- EXERCISE DIRECTIONS
Leave every picture out and give back the lines below from the first through the line that holds "Let's do the cha-cha. I", exactly as written.

- STUDY MATERIAL

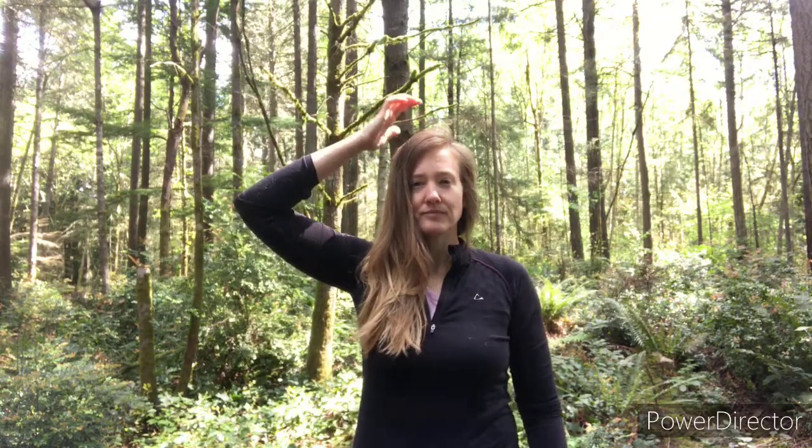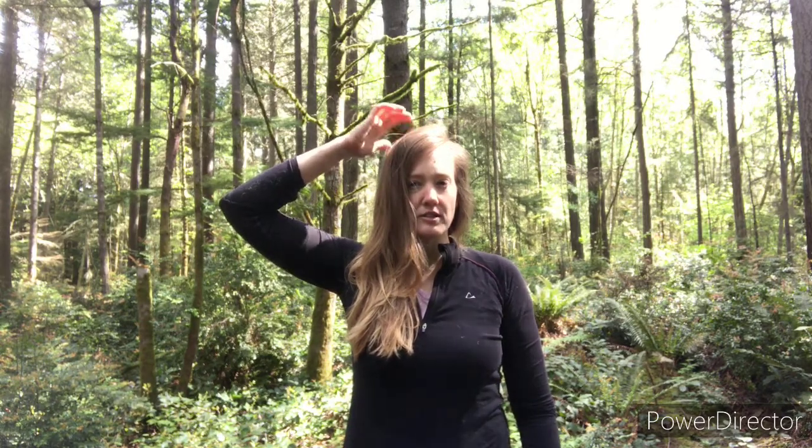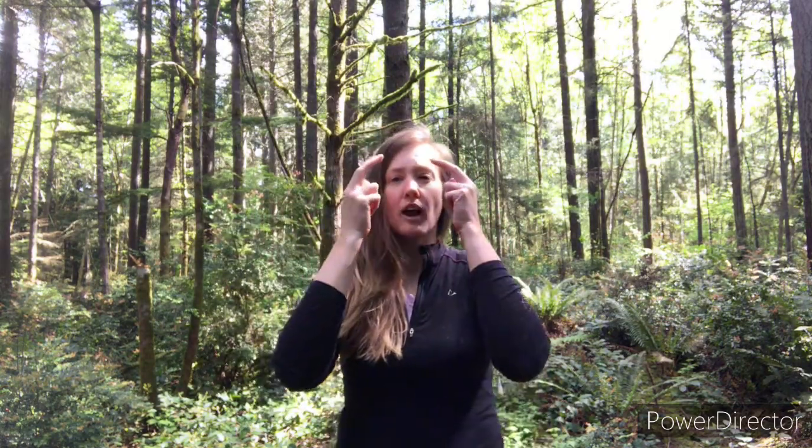Start with your head. That's the top of your head. Now go to the back of your head. And now take two hands and do your eyebrows.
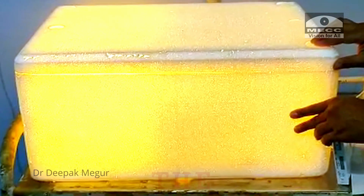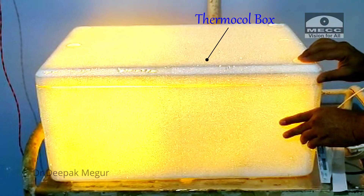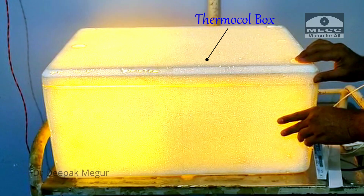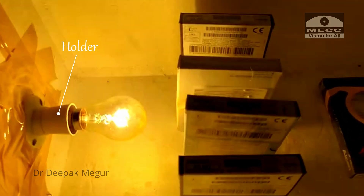Hi friends, presenting the lens warmer. This is just a box with a filament bulb inside, and we use this place to warm the hydrophobic lenses before implanting them. This box is a regular thermocore box which comes with some of the surgical consumables we buy. A small opening is created to fix in a holder and then the bulb.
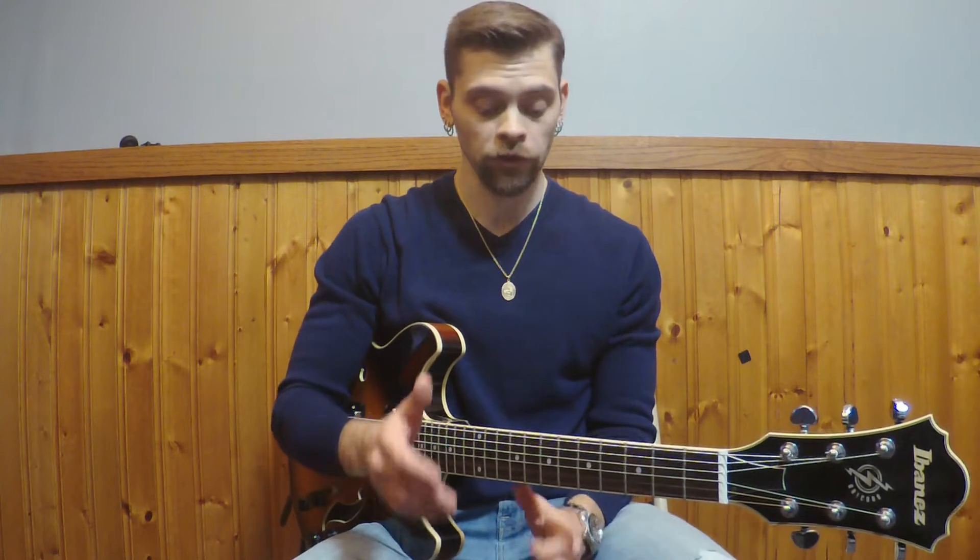Hey guys, it's been a while but I'm back with a new Try This video and what I'm going to show you today is an idea that will go through four different chords and cover two different key areas.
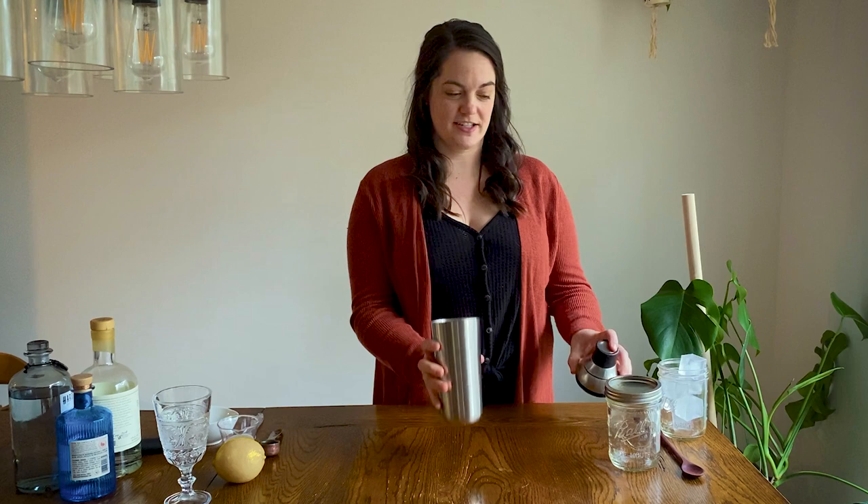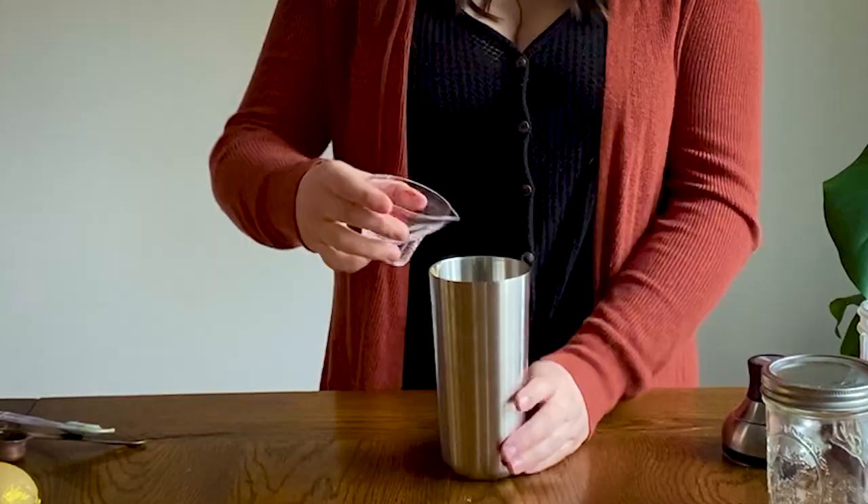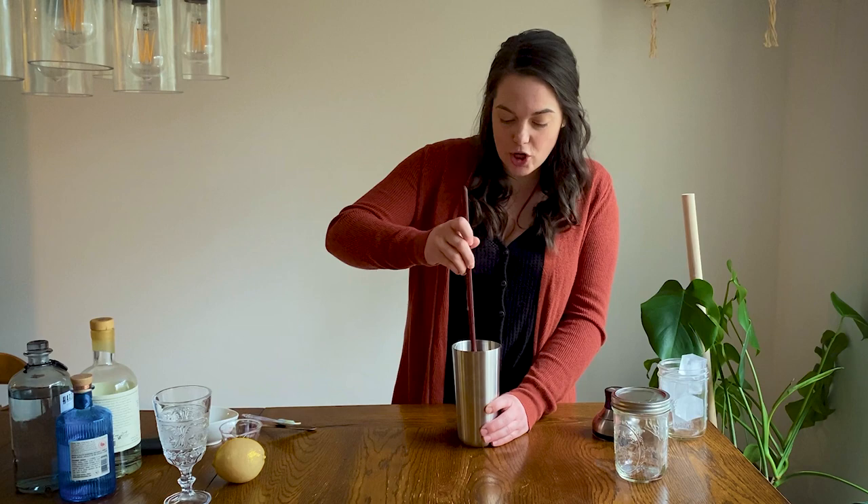First you're going to need a cocktail shaker, and if you don't have one, don't worry — a mason jar with a tight-fitting lid will work just fine. I'm going to get started by putting a tablespoon of honey into this shaker, and because honey is so thick we are going to thin it out with a little bit of room temperature water, just so that when you shake the drink with the ice it doesn't seize up. It's kind of like a hack for making simple syrup instead of heating it up on the stove.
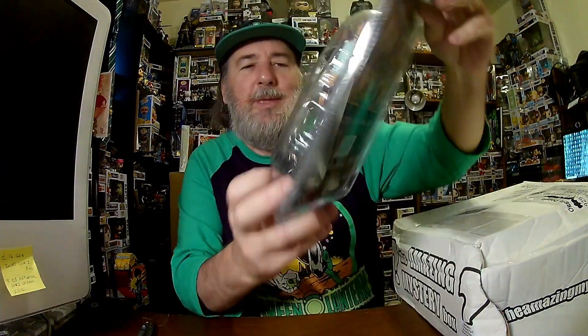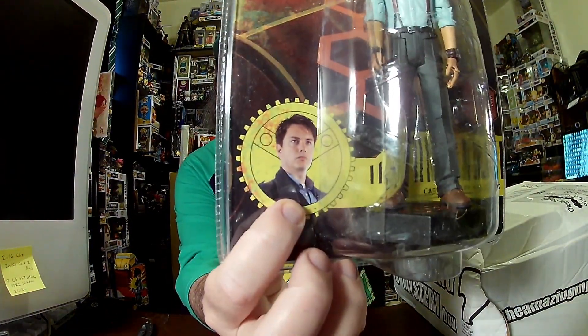Next, we have Jack Harkness. There's a picture of the actor who plays him — he plays Arrow's best friend who gets killed in the early episodes, his father, who's also the head of the Assassin's Guild in Arrow. I don't watch Arrow enough anymore. That is cool — three figures in one box.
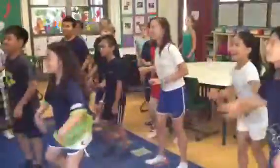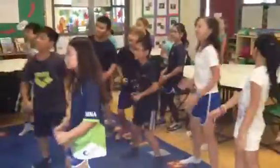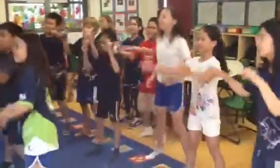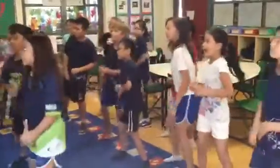Let's do the cha-cha. I get a slide in the back. Slide to the right and do the cha-cha. Let's do the cha-cha. Give me some shoulders. Now slide. Slide. Give me some shoulders.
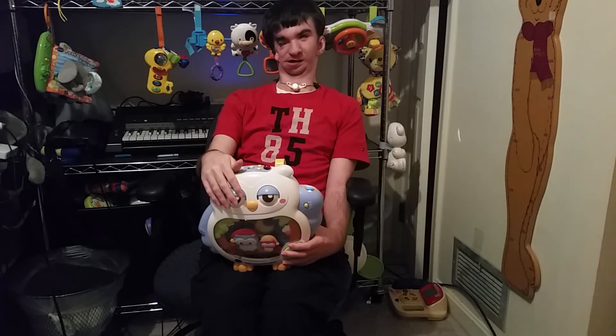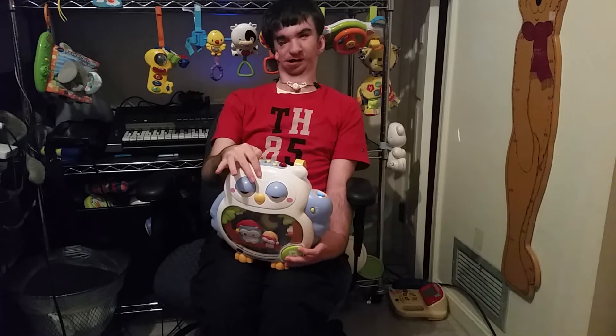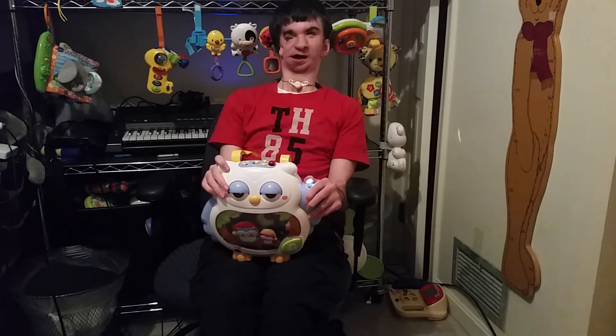By the way, about the nature sounds — I like that the nature sounds on this soother actually stay on the same sound throughout the whole entire 30 minutes. Unlike my other VTech soothers with nature sounds, which will play a nature sound and then continue on to the next one, this one just plays the same nature sound over and over again. And that is the VTech Twinkle and Soothe Owl Projector. See you — bye-bye.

- SOLUTION TO THIS TASK
Start with your head. That's the top of your head. Now go to the back of your head. And now take two hands and do your eyebrows.
Hi friends, presenting the lens warmer. This is just a box with a filament bulb inside, and we use this place to warm the hydrophobic lenses before implanting them. This box is a regular thermocore box which comes with some of the surgical consumables we buy. A small opening is created to fix in a holder and then the bulb.
Hey guys, it's been a while but I'm back with a new Try This video and what I'm going to show you today is an idea that will go through four different chords and cover two different key areas.
First you're going to need a cocktail shaker, and if you don't have one, don't worry — a mason jar with a tight-fitting lid will work just fine. I'm going to get started by putting a tablespoon of honey into this shaker, and because honey is so thick we are going to thin it out with a little bit of room temperature water, just so that when you shake the drink with the ice it doesn't seize up. It's kind of like a hack for making simple syrup instead of heating it up on the stove.
Next, we have Jack Harkness. There's a picture of the actor who plays him — he plays Arrow's best friend who gets killed in the early episodes, his father, who's also the head of the Assassin's Guild in Arrow. I don't watch Arrow enough anymore. That is cool — three figures in one box.
Let's do the cha-cha. I get a slide in the back. Slide to the right and do the cha-cha. Let's do the cha-cha. Give me some shoulders. Now slide. Slide. Give me some shoulders.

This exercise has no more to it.